(Entries shown begins)

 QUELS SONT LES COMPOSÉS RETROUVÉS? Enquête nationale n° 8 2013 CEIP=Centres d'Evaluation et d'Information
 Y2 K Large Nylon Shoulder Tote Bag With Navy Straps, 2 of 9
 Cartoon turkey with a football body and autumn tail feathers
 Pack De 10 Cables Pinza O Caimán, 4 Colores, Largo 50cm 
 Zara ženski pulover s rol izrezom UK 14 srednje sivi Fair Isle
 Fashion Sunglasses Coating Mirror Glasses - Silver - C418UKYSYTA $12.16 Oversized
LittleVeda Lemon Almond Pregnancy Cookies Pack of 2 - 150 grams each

(Entries shown ends)
(Entries shown begins)

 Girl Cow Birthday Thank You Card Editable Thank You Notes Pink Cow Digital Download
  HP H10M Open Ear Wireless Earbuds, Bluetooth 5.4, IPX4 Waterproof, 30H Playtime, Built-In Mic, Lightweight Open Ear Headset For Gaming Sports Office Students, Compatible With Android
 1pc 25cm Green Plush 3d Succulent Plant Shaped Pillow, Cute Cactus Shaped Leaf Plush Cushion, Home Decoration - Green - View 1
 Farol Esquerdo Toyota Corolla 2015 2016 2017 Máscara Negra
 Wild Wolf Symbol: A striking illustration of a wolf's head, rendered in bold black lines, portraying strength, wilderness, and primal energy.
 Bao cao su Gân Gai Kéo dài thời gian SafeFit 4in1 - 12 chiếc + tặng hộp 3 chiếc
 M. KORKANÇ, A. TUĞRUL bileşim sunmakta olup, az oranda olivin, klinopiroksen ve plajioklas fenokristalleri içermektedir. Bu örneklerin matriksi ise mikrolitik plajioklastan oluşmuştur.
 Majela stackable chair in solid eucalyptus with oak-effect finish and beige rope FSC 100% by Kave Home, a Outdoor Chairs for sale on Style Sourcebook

(Entries shown ends)
(Entries shown begins)

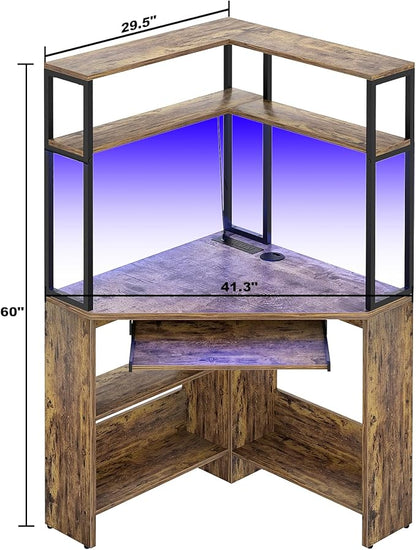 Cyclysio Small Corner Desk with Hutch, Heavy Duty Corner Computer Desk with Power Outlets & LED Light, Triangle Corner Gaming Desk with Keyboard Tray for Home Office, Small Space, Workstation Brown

(Entries shown ends)

Task: Once you reach the line with "Farol Esquerdo Toyota" in the data above, copy it and every line after it exactly, up to and including the line with "Bao cao su Gân".

Written solution:
 Farol Esquerdo Toyota Corolla 2015 2016 2017 Máscara Negra
 Wild Wolf Symbol: A striking illustration of a wolf's head, rendered in bold black lines, portraying strength, wilderness, and primal energy.
 Bao cao su Gân Gai Kéo dài thời gian SafeFit 4in1 - 12 chiếc + tặng hộp 3 chiếc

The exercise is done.